In the U.S., the Marcellus shale formation (potential to supply U.S. natural gas needs for 20 years) and the Bakken oil fields (potential of 1.2 million barrels of oil per day) will provide much of the impetus behind energy independence. Canada’s abundant oil sands and Mexico’s recent discovery of three huge deep-water oil deposits in the Gulf of Mexico will push North America closer to energy independence over the next two decades.

Production from shale and other new resources have made natural gas an abundant resource; so much so that U.S. exports of Liquefied Natural Gas (LNG) could bring in annual revenues ranging from $2.6 billion to $32.9 billion and cause the gross domestic product to increase by $4.4 billion to $47 billion in 2020 according to a Department of Energy report.

But natural gas can be a major component in energy independence beyond exports. LNG also can be made into transportation fuels (compressed natural gas, LNG, methanol or gasoline) that can help the U.S. reduce its need for imported oil. The American Gas Association says there is the potential to increase domestic natural gas production during the next 10 years by 11 percent to 34 percent.

The problem is that the U.S. government controls the market.
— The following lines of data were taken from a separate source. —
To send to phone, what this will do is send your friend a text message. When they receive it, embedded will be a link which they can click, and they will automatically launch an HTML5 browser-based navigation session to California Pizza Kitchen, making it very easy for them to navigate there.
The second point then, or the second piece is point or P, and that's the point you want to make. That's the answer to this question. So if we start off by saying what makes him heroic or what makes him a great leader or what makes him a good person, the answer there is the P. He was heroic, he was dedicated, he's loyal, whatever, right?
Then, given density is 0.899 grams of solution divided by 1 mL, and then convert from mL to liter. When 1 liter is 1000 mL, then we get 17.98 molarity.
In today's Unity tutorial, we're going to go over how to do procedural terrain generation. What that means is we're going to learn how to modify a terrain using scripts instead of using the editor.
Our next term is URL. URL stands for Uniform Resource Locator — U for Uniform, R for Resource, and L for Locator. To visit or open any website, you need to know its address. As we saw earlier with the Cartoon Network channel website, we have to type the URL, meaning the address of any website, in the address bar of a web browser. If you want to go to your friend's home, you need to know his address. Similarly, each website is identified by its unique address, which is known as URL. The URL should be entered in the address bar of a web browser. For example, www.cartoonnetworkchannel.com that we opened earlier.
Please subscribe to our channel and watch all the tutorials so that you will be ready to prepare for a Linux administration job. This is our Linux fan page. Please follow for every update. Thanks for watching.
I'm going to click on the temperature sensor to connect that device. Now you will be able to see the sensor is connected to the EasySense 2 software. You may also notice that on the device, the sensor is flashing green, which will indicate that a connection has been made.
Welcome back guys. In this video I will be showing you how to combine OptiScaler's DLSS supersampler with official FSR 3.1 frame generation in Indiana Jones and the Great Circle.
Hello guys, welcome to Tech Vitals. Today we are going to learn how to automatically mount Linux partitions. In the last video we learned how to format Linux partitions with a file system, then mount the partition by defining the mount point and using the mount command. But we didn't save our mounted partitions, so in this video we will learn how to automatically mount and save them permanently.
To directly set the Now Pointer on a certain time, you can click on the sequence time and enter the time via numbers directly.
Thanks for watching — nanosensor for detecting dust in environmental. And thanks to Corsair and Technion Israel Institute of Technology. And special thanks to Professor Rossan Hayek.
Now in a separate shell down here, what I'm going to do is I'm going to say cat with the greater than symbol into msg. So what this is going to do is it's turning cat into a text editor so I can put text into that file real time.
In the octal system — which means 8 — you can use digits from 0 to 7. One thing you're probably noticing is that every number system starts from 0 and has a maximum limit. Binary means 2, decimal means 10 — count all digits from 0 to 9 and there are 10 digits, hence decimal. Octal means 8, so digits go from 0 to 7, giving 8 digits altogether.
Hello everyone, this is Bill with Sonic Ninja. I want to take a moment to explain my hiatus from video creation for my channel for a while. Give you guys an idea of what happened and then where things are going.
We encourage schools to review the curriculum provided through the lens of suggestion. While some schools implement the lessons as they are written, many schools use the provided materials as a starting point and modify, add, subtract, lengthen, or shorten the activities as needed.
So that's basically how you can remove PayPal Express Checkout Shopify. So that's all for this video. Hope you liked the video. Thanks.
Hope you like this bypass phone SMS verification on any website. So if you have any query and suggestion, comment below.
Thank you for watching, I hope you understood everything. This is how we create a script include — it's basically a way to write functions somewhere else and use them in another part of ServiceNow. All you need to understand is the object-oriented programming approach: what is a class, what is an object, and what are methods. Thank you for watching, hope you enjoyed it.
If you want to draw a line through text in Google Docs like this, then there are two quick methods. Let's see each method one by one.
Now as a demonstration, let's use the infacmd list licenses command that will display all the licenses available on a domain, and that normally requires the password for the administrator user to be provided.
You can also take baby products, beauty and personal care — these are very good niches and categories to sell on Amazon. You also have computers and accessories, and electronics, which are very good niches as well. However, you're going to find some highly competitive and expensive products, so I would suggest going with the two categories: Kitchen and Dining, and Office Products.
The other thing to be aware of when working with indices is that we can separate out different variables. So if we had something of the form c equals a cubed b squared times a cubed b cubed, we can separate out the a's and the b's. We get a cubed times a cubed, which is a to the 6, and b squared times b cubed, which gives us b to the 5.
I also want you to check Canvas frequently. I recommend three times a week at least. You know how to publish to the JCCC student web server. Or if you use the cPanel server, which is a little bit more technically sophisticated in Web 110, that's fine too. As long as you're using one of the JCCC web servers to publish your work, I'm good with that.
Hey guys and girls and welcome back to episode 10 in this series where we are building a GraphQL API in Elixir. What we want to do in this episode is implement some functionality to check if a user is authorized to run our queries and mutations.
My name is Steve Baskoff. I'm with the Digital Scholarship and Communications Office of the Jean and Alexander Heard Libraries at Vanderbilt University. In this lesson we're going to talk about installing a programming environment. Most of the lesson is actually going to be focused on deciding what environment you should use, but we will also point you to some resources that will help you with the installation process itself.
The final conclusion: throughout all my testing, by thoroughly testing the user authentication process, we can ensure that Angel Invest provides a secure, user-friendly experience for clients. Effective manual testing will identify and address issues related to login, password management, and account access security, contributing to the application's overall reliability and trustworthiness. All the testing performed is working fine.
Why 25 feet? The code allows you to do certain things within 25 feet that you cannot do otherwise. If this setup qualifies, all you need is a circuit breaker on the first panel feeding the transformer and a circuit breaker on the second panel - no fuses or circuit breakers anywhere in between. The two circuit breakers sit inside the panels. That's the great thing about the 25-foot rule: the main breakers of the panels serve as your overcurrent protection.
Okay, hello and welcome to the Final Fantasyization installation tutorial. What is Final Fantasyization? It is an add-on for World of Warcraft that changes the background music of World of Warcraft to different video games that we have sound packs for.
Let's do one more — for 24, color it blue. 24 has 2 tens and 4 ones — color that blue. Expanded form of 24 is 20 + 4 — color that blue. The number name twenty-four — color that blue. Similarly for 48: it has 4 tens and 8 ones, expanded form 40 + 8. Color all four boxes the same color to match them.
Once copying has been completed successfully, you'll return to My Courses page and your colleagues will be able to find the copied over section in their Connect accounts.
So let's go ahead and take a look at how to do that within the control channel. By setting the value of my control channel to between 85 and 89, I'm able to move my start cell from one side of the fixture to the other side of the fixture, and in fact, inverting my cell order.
While private industry in the U.S. has the technology, the people and the financial wherewithal to produce large reserves, the government has to step up and provide the permission for drilling in new fields currently restricted by government policy.

In their recently released report “The Promise of Natural Gas,” the AGA states “Our nation’s bullish natural gas supply outlook offers an incredible opportunity to deliver energy value to American homes and businesses, fuel a renaissance in U.S. manufacturing, and provide a cleaner, less expensive option for vehicles, thus reducing our dependence on foreign oil.”